Glyphosate, a herbicide chemical, carcinogenic?

Glyphosate, a herbicide chemical, carcinogenic?

The debate on the carcinogenic effects of glyphosate returns to the scene after the contradictions between the studies of the European Union and those of the World Health Organization (WHO). According to the European body, the results of the available scientific tests do not determine that glyphosate is carcinogenic, mutagenic or toxic. However, the WHO has already labeled this chemical as “possibly carcinogenic”.

The world’s most widely used herbicide in agriculture may or may not be carcinogenic.

Two of the most important international organizations disagree on the possible damages of glyphosate, one of the chemical substances present in most herbicides used for the elimination of weeds and weeds.

Since 2015, the World Health Organization considers glyphosate as “probably carcinogenic”.

However, just a few weeks ago the European Union, through its Chemical Substances and Mixtures agency (ECHA), assured that it is a “non-carcinogenic” herbicide: “The ECHA Risk Assessment Committee has concluded that Available scientific evidence does not meet the criteria for classifying glyphosate as carcinogenic, mutagenic, or toxic to reproduction.

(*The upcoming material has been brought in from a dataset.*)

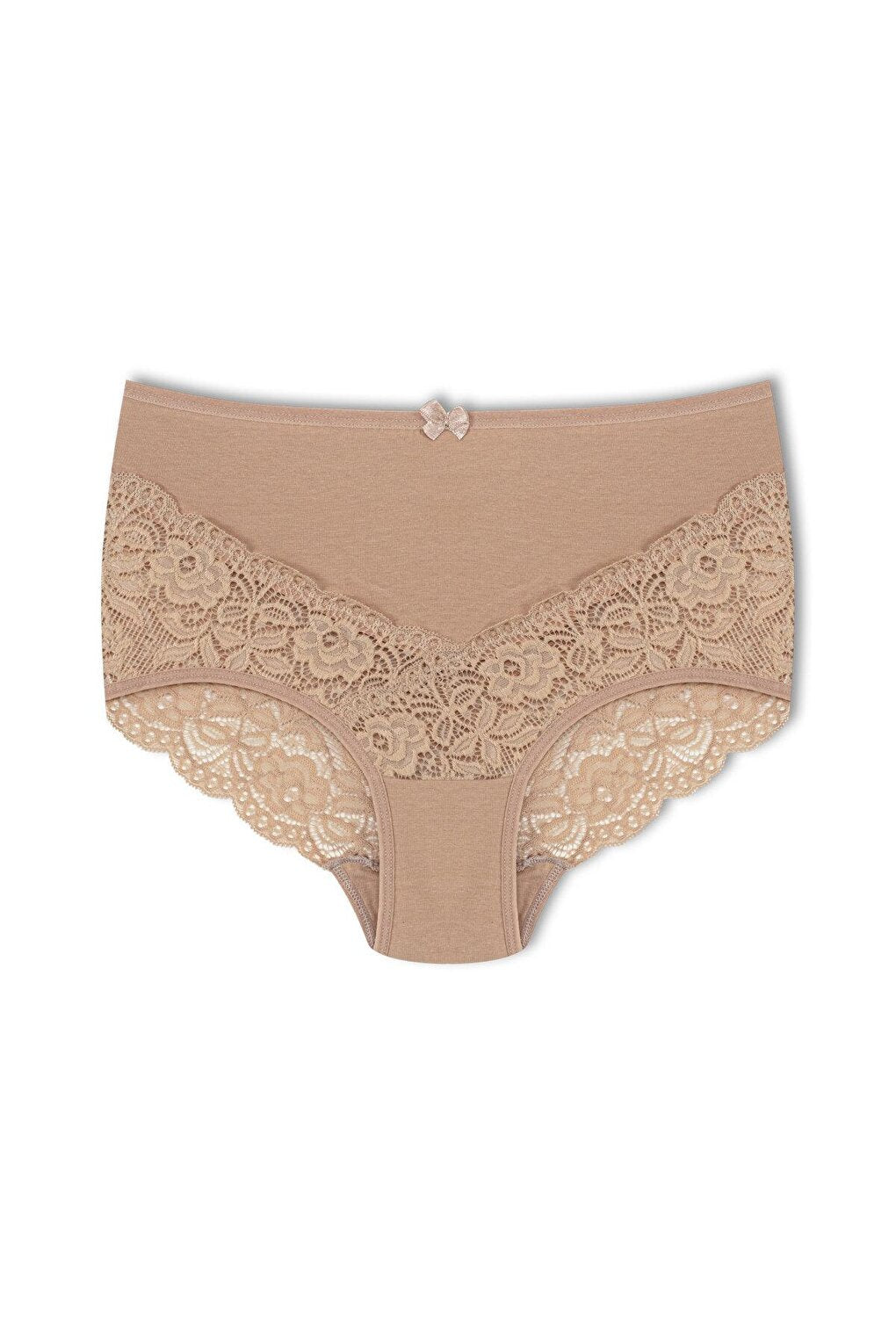 Cotton Back and Front V Lace High Waist Plus Size Women's Panties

” The new ECHA opinion must be ratified by the European Commission, which will study it at the end of this year and will be in charge of authorizing glyphosate in pesticides. Currently this chemical appears in products such as cotton, gauze and tampons; in foods like wine, beer, or honey; in natural areas such as the Paraná river basin; or even in people who have been exposed to fumigation for a long period of time.

After detecting the increase in the presence of glyphosate, the Cancer Research Agency began a study that concluded that contact with this herbicide is related to the appearance of non-Hodgkin lymphoma, the development of cancer cells and DNA damage.

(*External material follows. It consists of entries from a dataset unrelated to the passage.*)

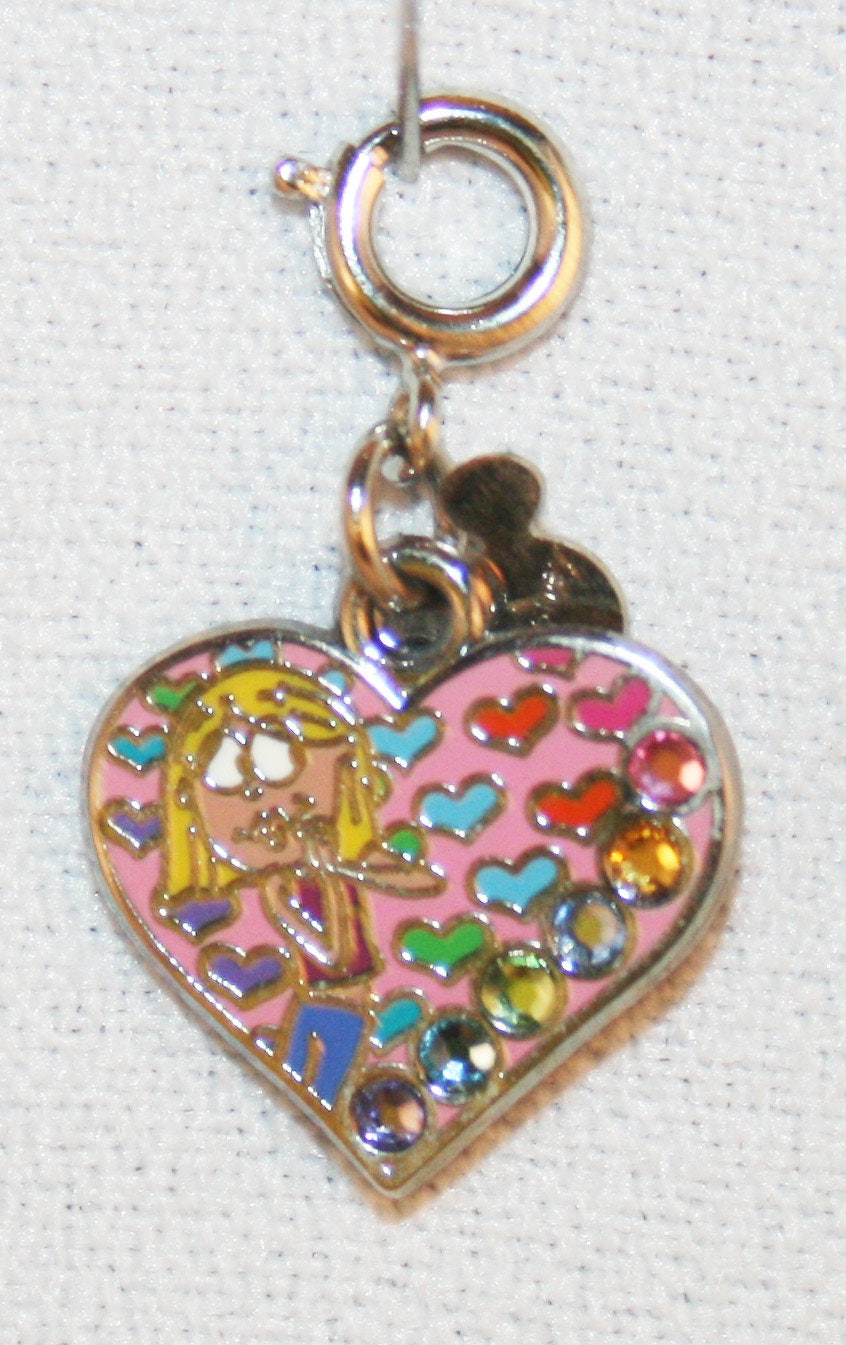 Disney Lizzie McGuire Heart Charm Double Sided Bracelet Charms Necklace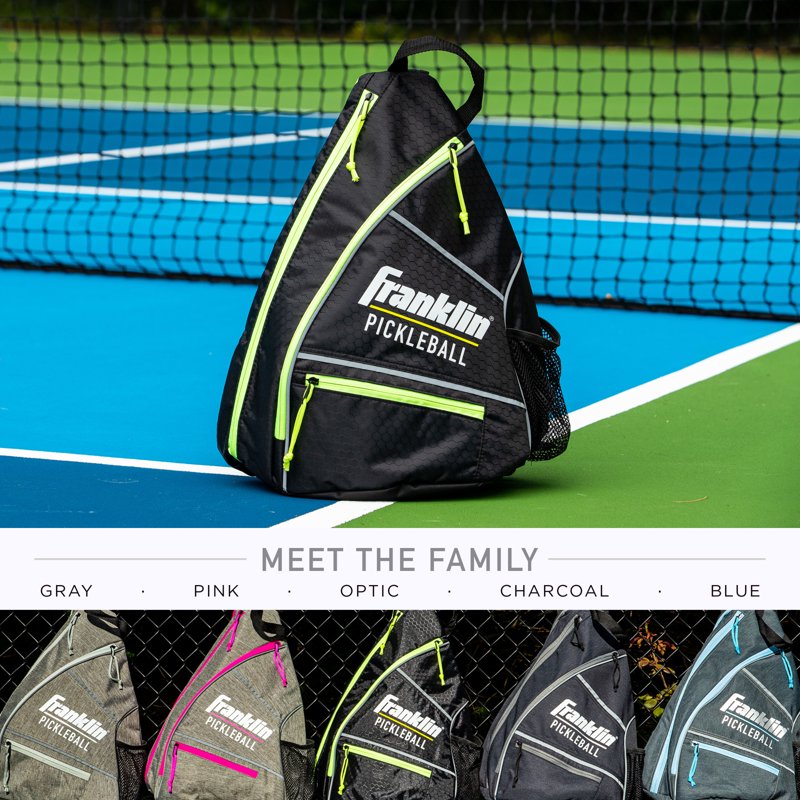 Pickleball Sling Bag - Franklin Sports Black/Neon Yellow - Official U.S. Open Bag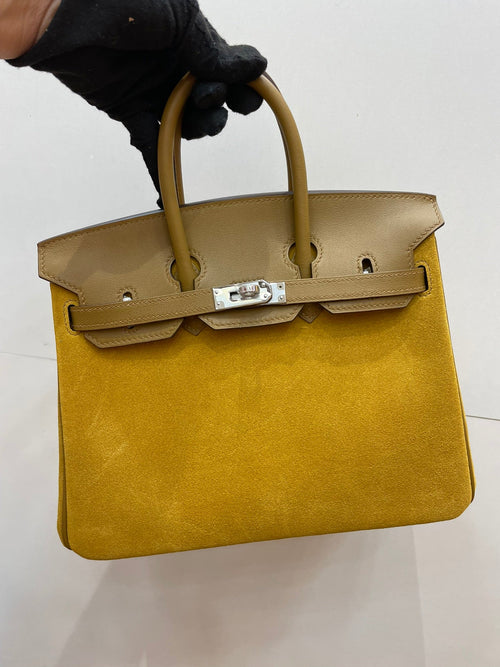Birkin 25 Retourne in Yellow Swift Leather and Suede Grizzly (Palladium Hardware)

The research of the Agency for Research on Cancer has been ratified by other organizations, such as the Network of Doctors of Fumigated Peoples, and environmental NGOs such as Ecologists in Action and Friends of the Earth.

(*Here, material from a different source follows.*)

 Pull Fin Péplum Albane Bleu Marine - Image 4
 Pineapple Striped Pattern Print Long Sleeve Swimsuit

ECHA’s decision has received several criticisms from the European states themselves. France’s ecology minister recalled that glyphosate is the “first source of contamination” for French rivers. Spain spoke out about this herbicide just a year ago with the re-approval of its use.

In our country, glyphosate is one of the most used chemicals in agricultural crops, due to its low cost, and in public spaces such as gardens, parks, lots and ditches for weed control.